I am trying to construct Bayesian neural network to solve my problem, with reference to the PyMC3 tutorial case “Variational Inference: Bayesian Neural Networks”. I am using Continuous dependent variable but not able to obtain the predicted values in Bayesian neural network.
Code used for construction of neural network :
def construct_nn(ann_input, ann_output):
n_hidden = 5
# Initialize random weights between each layer
init_1 = np.random.randn(X.shape[1], n_hidden).astype(floatX)
init_2 = np.random.randn(n_hidden, n_hidden).astype(floatX)
init_out = np.random.randn(n_hidden).astype(floatX)

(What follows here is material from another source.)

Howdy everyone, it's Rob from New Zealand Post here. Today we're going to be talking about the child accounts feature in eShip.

with pm.Model() as neural_network:
# Weights from input to hidden layer
weights_in_1 = pm.Normal('w_in_1', 0, sd=1,
shape=(X.shape[1], n_hidden),
testval=init_1)
# Weights from 1st to 2nd layer
weights_1_2 = pm.Normal('w_1_2', 0, sd=1,
shape=(n_hidden, n_hidden),
testval=init_2)
# Weights from hidden layer to output
weights_2_out = pm.Normal('w_2_out', 0, sd=1,
shape=(n_hidden,),
testval=init_out)
# Build neural-network using tanh activation function
act_1 = pm.math.tanh(pm.math.dot(ann_input,
weights_in_1))
act_2 = pm.math.tanh(pm.math.dot(act_1,
weights_1_2))
act_out = pm.math.sigmoid(pm.math.dot(act_2,
weights_2_out))
out = pm.Normal('out',mu=act_out, observed=ann_output)
return neural_network
ann_input = theano.shared(X_train)
ann_output = theano.shared(Y_train)
neural_network = construct_nn(ann_input, ann_output)

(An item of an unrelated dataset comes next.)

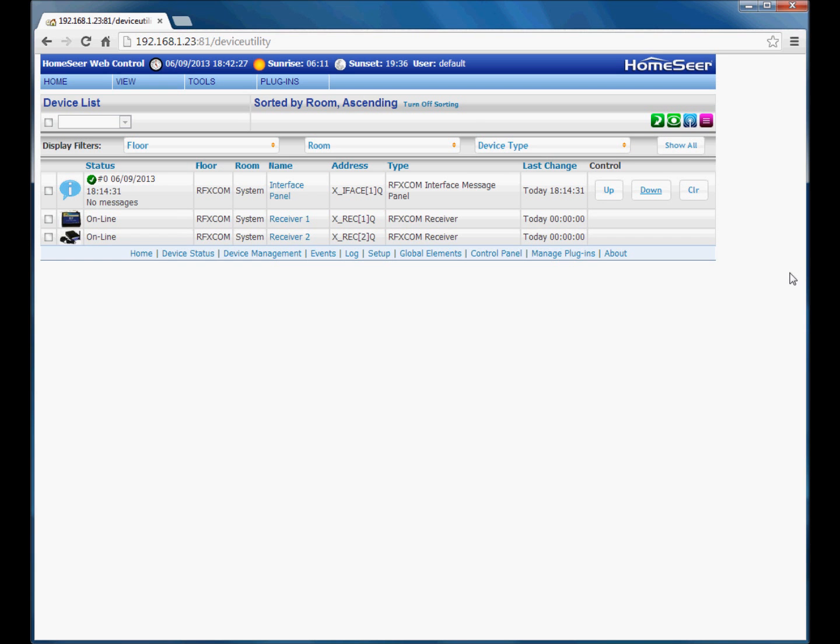Hi, I'm Paul Huddlestone and this is the second in a series of short videos introducing the RFXCom plugin for HomeSeer 3. In this video I'm going to have a look at input devices, what they are and how to add them into HomeSeer.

from pymc3.theanof import set_tt_rng, MRG_RandomStreams
set_tt_rng(MRG_RandomStreams(42))
#Fitting the model
with neural_network:
inference = pm.ADVI()
approx = pm.fit(n=3000, method=inference)
trace = approx.sample(draws=5000)
After this step, i want to obtain the predicted values for a continuous variable.